(Scraped caption text data)
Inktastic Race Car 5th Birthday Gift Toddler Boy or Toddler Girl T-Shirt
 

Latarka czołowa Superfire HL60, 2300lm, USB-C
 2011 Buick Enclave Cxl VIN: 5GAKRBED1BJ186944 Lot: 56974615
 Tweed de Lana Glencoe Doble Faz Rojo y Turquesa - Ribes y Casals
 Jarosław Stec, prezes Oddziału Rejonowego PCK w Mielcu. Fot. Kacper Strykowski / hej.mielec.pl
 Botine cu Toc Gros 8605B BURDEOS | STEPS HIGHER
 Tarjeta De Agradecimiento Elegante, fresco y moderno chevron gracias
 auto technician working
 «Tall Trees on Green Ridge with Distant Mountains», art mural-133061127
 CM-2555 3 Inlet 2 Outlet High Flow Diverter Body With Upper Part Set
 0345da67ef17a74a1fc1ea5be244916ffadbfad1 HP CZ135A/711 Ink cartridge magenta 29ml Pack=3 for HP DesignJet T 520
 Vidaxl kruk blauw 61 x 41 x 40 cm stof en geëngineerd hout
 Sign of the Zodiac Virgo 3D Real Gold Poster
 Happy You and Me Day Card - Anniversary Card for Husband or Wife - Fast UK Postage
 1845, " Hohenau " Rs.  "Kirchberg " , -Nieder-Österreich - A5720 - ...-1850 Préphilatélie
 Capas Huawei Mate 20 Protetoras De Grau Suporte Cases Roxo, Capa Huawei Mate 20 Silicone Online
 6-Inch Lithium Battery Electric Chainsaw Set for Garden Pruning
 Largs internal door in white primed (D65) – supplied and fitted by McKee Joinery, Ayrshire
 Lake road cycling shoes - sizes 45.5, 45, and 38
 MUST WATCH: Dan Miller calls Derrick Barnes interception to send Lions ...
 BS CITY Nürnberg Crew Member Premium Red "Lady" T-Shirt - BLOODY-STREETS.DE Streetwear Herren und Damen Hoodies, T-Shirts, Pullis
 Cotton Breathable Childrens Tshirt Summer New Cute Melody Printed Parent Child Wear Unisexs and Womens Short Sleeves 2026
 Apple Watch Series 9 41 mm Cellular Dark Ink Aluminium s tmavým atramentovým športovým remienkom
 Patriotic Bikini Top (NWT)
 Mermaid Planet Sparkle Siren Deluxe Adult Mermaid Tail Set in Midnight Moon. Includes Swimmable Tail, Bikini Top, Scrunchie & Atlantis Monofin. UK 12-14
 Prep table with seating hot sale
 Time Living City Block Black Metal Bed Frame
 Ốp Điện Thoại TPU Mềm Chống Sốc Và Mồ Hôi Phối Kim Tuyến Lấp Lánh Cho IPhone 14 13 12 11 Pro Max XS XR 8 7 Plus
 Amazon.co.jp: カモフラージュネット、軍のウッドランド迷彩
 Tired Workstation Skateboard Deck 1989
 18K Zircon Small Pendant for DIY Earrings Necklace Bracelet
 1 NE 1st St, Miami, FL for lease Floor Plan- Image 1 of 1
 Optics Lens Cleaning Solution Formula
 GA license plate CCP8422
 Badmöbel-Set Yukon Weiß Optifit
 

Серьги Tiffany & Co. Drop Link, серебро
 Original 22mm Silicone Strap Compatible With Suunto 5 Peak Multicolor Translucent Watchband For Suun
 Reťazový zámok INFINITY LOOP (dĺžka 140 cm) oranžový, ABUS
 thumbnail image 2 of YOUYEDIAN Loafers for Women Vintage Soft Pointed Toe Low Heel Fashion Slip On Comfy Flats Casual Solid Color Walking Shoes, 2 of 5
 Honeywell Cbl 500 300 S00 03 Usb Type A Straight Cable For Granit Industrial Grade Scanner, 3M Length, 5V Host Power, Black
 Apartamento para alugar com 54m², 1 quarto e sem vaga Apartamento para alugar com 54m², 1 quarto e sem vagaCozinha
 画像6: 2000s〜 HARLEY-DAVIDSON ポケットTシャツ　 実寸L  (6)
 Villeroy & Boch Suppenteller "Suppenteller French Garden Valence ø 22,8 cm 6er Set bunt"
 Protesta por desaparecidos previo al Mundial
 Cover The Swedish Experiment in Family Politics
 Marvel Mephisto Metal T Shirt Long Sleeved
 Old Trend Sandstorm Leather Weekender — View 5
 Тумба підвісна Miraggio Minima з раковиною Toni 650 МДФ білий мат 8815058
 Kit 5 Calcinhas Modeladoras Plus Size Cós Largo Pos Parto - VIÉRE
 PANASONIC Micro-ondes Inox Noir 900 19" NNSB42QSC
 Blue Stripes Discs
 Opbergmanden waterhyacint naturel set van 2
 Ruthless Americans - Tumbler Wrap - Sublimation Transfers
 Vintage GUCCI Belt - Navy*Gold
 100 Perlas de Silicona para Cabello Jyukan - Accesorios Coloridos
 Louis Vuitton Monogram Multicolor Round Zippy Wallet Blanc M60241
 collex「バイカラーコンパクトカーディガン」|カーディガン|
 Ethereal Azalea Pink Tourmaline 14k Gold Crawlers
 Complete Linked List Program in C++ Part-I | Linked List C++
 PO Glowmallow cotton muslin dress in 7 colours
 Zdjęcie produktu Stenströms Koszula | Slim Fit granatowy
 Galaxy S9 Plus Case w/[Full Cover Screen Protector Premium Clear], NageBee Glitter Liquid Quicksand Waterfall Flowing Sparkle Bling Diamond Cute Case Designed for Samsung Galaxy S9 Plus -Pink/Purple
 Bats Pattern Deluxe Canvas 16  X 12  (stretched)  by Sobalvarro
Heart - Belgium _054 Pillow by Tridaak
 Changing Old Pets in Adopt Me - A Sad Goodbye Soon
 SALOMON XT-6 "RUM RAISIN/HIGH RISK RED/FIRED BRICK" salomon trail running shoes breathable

[BRIEF] Could you reproduce all of the entries above exactly?

[ANSWER BOX]
Inktastic Race Car 5th Birthday Gift Toddler Boy or Toddler Girl T-Shirt
 

Latarka czołowa Superfire HL60, 2300lm, USB-C
 2011 Buick Enclave Cxl VIN: 5GAKRBED1BJ186944 Lot: 56974615
 Tweed de Lana Glencoe Doble Faz Rojo y Turquesa - Ribes y Casals
 Jarosław Stec, prezes Oddziału Rejonowego PCK w Mielcu. Fot. Kacper Strykowski / hej.mielec.pl
 Botine cu Toc Gros 8605B BURDEOS | STEPS HIGHER
 Tarjeta De Agradecimiento Elegante, fresco y moderno chevron gracias
 auto technician working
 «Tall Trees on Green Ridge with Distant Mountains», art mural-133061127
 CM-2555 3 Inlet 2 Outlet High Flow Diverter Body With Upper Part Set
 0345da67ef17a74a1fc1ea5be244916ffadbfad1 HP CZ135A/711 Ink cartridge magenta 29ml Pack=3 for HP DesignJet T 520
 Vidaxl kruk blauw 61 x 41 x 40 cm stof en geëngineerd hout
 Sign of the Zodiac Virgo 3D Real Gold Poster
 Happy You and Me Day Card - Anniversary Card for Husband or Wife - Fast UK Postage
 1845, " Hohenau " Rs.  "Kirchberg " , -Nieder-Österreich - A5720 - ...-1850 Préphilatélie
 Capas Huawei Mate 20 Protetoras De Grau Suporte Cases Roxo, Capa Huawei Mate 20 Silicone Online
 6-Inch Lithium Battery Electric Chainsaw Set for Garden Pruning
 Largs internal door in white primed (D65) – supplied and fitted by McKee Joinery, Ayrshire
 Lake road cycling shoes - sizes 45.5, 45, and 38
 MUST WATCH: Dan Miller calls Derrick Barnes interception to send Lions ...
 BS CITY Nürnberg Crew Member Premium Red "Lady" T-Shirt - BLOODY-STREETS.DE Streetwear Herren und Damen Hoodies, T-Shirts, Pullis
 Cotton Breathable Childrens Tshirt Summer New Cute Melody Printed Parent Child Wear Unisexs and Womens Short Sleeves 2026
 Apple Watch Series 9 41 mm Cellular Dark Ink Aluminium s tmavým atramentovým športovým remienkom
 Patriotic Bikini Top (NWT)
 Mermaid Planet Sparkle Siren Deluxe Adult Mermaid Tail Set in Midnight Moon. Includes Swimmable Tail, Bikini Top, Scrunchie & Atlantis Monofin. UK 12-14
 Prep table with seating hot sale
 Time Living City Block Black Metal Bed Frame
 Ốp Điện Thoại TPU Mềm Chống Sốc Và Mồ Hôi Phối Kim Tuyến Lấp Lánh Cho IPhone 14 13 12 11 Pro Max XS XR 8 7 Plus
 Amazon.co.jp: カモフラージュネット、軍のウッドランド迷彩
 Tired Workstation Skateboard Deck 1989
 18K Zircon Small Pendant for DIY Earrings Necklace Bracelet
 1 NE 1st St, Miami, FL for lease Floor Plan- Image 1 of 1
 Optics Lens Cleaning Solution Formula
 GA license plate CCP8422
 Badmöbel-Set Yukon Weiß Optifit
 

Серьги Tiffany & Co. Drop Link, серебро
 Original 22mm Silicone Strap Compatible With Suunto 5 Peak Multicolor Translucent Watchband For Suun
 Reťazový zámok INFINITY LOOP (dĺžka 140 cm) oranžový, ABUS
 thumbnail image 2 of YOUYEDIAN Loafers for Women Vintage Soft Pointed Toe Low Heel Fashion Slip On Comfy Flats Casual Solid Color Walking Shoes, 2 of 5
 Honeywell Cbl 500 300 S00 03 Usb Type A Straight Cable For Granit Industrial Grade Scanner, 3M Length, 5V Host Power, Black
 Apartamento para alugar com 54m², 1 quarto e sem vaga Apartamento para alugar com 54m², 1 quarto e sem vagaCozinha
 画像6: 2000s〜 HARLEY-DAVIDSON ポケットTシャツ　 実寸L  (6)
 Villeroy & Boch Suppenteller "Suppenteller French Garden Valence ø 22,8 cm 6er Set bunt"
 Protesta por desaparecidos previo al Mundial
 Cover The Swedish Experiment in Family Politics
 Marvel Mephisto Metal T Shirt Long Sleeved
 Old Trend Sandstorm Leather Weekender — View 5
 Тумба підвісна Miraggio Minima з раковиною Toni 650 МДФ білий мат 8815058
 Kit 5 Calcinhas Modeladoras Plus Size Cós Largo Pos Parto - VIÉRE
 PANASONIC Micro-ondes Inox Noir 900 19" NNSB42QSC
 Blue Stripes Discs
 Opbergmanden waterhyacint naturel set van 2
 Ruthless Americans - Tumbler Wrap - Sublimation Transfers
 Vintage GUCCI Belt - Navy*Gold
 100 Perlas de Silicona para Cabello Jyukan - Accesorios Coloridos
 Louis Vuitton Monogram Multicolor Round Zippy Wallet Blanc M60241
 collex「バイカラーコンパクトカーディガン」|カーディガン|
 Ethereal Azalea Pink Tourmaline 14k Gold Crawlers
 Complete Linked List Program in C++ Part-I | Linked List C++
 PO Glowmallow cotton muslin dress in 7 colours
 Zdjęcie produktu Stenströms Koszula | Slim Fit granatowy
 Galaxy S9 Plus Case w/[Full Cover Screen Protector Premium Clear], NageBee Glitter Liquid Quicksand Waterfall Flowing Sparkle Bling Diamond Cute Case Designed for Samsung Galaxy S9 Plus -Pink/Purple
 Bats Pattern Deluxe Canvas 16  X 12  (stretched)  by Sobalvarro
Heart - Belgium _054 Pillow by Tridaak
 Changing Old Pets in Adopt Me - A Sad Goodbye Soon
 SALOMON XT-6 "RUM RAISIN/HIGH RISK RED/FIRED BRICK" salomon trail running shoes breathable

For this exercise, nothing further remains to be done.